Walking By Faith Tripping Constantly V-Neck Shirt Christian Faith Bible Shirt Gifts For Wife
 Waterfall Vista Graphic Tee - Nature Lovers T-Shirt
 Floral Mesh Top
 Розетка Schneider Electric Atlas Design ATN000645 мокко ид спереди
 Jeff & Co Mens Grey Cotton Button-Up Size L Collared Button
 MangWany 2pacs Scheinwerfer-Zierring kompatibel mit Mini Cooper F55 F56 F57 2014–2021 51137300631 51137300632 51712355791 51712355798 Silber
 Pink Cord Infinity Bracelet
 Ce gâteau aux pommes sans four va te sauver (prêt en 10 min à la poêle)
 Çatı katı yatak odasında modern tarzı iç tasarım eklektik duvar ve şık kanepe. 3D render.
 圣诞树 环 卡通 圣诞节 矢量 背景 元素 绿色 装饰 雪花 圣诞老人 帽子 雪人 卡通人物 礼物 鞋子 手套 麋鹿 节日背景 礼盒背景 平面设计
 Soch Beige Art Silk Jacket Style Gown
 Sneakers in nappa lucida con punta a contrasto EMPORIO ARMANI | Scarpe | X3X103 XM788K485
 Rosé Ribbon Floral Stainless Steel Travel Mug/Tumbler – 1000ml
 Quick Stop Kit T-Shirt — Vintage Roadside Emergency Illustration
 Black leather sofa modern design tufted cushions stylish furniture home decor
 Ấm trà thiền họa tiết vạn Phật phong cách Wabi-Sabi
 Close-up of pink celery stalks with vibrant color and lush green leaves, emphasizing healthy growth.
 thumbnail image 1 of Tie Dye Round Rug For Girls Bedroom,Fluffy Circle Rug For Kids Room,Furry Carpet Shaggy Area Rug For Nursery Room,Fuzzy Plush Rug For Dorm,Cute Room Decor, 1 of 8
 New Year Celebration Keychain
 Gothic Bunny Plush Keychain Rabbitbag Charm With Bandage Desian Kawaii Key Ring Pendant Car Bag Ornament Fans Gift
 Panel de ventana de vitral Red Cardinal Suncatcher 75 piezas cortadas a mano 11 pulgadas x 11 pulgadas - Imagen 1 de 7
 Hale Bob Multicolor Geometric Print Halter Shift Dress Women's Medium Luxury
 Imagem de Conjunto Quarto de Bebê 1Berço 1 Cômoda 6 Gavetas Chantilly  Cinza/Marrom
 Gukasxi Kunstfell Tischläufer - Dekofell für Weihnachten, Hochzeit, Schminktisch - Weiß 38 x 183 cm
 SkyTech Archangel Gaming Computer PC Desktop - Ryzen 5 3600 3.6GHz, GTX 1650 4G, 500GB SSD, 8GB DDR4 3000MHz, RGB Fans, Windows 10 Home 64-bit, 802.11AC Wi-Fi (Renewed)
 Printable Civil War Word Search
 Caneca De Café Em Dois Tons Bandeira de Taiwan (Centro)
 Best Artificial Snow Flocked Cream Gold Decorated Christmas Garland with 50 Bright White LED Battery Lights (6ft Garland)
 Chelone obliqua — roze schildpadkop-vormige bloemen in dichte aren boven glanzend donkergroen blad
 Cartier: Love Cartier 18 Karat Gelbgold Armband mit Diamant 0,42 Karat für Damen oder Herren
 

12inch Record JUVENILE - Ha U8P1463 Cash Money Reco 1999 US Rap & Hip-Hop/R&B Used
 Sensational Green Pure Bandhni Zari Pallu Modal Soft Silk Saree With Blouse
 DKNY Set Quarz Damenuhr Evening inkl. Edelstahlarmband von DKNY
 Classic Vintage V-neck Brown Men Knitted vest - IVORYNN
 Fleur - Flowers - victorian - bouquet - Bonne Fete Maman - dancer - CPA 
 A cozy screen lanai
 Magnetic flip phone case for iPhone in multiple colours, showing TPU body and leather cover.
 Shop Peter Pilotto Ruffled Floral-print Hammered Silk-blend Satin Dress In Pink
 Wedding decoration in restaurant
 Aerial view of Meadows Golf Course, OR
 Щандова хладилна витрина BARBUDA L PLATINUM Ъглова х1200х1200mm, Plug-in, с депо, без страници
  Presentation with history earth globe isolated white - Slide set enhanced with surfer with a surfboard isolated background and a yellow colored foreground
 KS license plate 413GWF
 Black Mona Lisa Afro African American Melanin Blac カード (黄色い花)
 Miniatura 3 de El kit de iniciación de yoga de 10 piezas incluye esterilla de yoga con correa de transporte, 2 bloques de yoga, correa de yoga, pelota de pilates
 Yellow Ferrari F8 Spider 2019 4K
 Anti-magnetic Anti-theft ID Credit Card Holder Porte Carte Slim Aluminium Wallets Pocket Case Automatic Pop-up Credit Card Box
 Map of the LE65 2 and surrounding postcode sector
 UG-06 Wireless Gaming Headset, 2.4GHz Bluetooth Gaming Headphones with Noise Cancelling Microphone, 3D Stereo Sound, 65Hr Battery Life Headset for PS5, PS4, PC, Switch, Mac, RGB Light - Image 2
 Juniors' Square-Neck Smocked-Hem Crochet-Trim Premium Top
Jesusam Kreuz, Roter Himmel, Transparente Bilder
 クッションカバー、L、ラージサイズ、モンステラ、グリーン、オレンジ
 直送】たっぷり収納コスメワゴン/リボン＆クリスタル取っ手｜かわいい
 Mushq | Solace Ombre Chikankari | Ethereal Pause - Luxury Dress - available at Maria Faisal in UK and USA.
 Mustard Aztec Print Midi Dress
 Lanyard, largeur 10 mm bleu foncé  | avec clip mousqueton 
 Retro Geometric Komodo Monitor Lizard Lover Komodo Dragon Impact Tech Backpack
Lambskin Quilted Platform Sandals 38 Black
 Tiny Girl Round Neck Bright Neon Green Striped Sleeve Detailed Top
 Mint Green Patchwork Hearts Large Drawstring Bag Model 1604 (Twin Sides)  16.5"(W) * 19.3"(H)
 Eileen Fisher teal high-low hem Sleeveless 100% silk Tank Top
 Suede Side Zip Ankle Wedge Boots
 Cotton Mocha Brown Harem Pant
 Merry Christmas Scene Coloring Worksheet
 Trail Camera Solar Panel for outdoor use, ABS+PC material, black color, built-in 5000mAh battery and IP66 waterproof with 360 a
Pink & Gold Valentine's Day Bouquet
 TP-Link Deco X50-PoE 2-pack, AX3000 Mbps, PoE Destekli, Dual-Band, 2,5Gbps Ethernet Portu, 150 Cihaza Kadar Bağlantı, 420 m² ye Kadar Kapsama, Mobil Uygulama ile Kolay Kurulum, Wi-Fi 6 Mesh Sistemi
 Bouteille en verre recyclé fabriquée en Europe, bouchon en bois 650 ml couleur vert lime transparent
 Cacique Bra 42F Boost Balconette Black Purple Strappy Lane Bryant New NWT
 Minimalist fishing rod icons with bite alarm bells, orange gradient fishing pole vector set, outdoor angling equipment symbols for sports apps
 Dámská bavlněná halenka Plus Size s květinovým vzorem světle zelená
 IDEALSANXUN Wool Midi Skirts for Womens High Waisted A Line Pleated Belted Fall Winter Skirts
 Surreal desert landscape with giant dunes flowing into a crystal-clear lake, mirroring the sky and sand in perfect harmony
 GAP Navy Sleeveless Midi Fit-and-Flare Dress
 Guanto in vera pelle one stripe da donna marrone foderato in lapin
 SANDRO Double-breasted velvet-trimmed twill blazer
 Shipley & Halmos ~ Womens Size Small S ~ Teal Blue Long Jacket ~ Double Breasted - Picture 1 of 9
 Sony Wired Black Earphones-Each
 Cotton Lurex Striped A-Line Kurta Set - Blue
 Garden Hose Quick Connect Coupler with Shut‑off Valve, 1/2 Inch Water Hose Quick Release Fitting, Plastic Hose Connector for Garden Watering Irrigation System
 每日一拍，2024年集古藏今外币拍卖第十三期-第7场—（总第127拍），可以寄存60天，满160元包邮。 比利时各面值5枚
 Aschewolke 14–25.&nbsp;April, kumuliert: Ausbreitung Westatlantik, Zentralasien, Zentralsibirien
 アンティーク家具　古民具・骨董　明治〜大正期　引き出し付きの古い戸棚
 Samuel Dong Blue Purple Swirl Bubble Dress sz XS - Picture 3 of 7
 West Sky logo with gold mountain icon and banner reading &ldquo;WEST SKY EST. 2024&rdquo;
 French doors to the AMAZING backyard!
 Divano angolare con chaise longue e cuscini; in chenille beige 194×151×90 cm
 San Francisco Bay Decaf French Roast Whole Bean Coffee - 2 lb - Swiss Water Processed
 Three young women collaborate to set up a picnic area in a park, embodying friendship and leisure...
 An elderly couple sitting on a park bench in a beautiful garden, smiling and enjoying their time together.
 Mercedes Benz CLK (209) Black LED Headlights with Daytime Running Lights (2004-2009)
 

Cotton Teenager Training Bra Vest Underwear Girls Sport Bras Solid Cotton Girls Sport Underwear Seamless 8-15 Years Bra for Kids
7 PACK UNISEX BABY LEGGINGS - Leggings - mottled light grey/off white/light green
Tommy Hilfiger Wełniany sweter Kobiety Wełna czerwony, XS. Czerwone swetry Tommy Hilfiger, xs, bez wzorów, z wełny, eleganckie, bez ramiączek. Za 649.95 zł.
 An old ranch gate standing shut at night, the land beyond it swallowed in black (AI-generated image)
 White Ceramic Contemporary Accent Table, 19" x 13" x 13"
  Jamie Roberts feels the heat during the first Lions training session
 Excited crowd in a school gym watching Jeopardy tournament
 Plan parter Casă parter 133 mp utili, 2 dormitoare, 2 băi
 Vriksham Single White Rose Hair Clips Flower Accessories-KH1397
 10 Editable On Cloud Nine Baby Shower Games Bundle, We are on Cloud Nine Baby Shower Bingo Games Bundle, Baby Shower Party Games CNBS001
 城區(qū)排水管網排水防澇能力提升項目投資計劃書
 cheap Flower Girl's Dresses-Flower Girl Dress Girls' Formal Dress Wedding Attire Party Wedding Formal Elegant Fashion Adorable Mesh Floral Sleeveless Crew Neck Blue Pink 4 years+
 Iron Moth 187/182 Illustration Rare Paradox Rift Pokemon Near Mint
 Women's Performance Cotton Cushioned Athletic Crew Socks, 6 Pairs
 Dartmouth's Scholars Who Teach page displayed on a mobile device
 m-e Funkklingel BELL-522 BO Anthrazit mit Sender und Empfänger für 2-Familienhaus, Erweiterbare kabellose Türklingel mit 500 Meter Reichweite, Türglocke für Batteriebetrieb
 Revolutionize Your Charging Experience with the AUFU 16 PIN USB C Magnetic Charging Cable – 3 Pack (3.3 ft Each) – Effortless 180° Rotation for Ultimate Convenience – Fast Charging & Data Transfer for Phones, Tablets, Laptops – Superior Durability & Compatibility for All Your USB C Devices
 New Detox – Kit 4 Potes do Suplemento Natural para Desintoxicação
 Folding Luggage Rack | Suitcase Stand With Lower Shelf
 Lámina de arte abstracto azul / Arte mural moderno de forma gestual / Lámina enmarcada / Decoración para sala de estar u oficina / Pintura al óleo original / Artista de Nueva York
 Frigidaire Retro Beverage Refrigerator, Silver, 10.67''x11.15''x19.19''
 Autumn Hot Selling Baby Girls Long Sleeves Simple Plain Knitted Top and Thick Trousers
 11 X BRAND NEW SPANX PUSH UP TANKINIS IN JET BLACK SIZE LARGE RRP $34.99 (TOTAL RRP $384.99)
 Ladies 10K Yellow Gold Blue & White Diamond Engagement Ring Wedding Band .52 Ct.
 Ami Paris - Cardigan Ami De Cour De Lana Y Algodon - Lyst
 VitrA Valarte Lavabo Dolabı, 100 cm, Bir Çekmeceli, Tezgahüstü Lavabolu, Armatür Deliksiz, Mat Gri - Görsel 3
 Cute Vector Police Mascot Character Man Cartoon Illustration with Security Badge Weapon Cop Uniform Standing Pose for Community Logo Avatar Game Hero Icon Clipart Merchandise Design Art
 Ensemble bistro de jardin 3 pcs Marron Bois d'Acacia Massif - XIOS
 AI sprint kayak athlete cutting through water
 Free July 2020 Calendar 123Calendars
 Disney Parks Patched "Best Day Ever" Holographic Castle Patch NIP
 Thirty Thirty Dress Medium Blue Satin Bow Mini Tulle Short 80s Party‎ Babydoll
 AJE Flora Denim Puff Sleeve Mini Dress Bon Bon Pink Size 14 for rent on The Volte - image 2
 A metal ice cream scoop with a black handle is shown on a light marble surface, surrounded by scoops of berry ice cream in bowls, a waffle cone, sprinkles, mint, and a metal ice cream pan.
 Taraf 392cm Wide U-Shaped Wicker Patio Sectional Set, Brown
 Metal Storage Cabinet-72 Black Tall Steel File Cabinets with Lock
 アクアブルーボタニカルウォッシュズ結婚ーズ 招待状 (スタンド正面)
◇ ◇ ◇ ◇ ◇
EXERCISE DIRECTIONS
Among the entries above, locate the lines containing "MangWany 2pacs Scheinwerfer-Zierring" and "Close-up of pink", and transcribe exactly those two lines and all lines between.

RESULT FOR THIS TASK
 MangWany 2pacs Scheinwerfer-Zierring kompatibel mit Mini Cooper F55 F56 F57 2014–2021 51137300631 51137300632 51712355791 51712355798 Silber
 Pink Cord Infinity Bracelet
 Ce gâteau aux pommes sans four va te sauver (prêt en 10 min à la poêle)
 Çatı katı yatak odasında modern tarzı iç tasarım eklektik duvar ve şık kanepe. 3D render.
 圣诞树 环 卡通 圣诞节 矢量 背景 元素 绿色 装饰 雪花 圣诞老人 帽子 雪人 卡通人物 礼物 鞋子 手套 麋鹿 节日背景 礼盒背景 平面设计
 Soch Beige Art Silk Jacket Style Gown
 Sneakers in nappa lucida con punta a contrasto EMPORIO ARMANI | Scarpe | X3X103 XM788K485
 Rosé Ribbon Floral Stainless Steel Travel Mug/Tumbler – 1000ml
 Quick Stop Kit T-Shirt — Vintage Roadside Emergency Illustration
 Black leather sofa modern design tufted cushions stylish furniture home decor
 Ấm trà thiền họa tiết vạn Phật phong cách Wabi-Sabi
 Close-up of pink celery stalks with vibrant color and lush green leaves, emphasizing healthy growth.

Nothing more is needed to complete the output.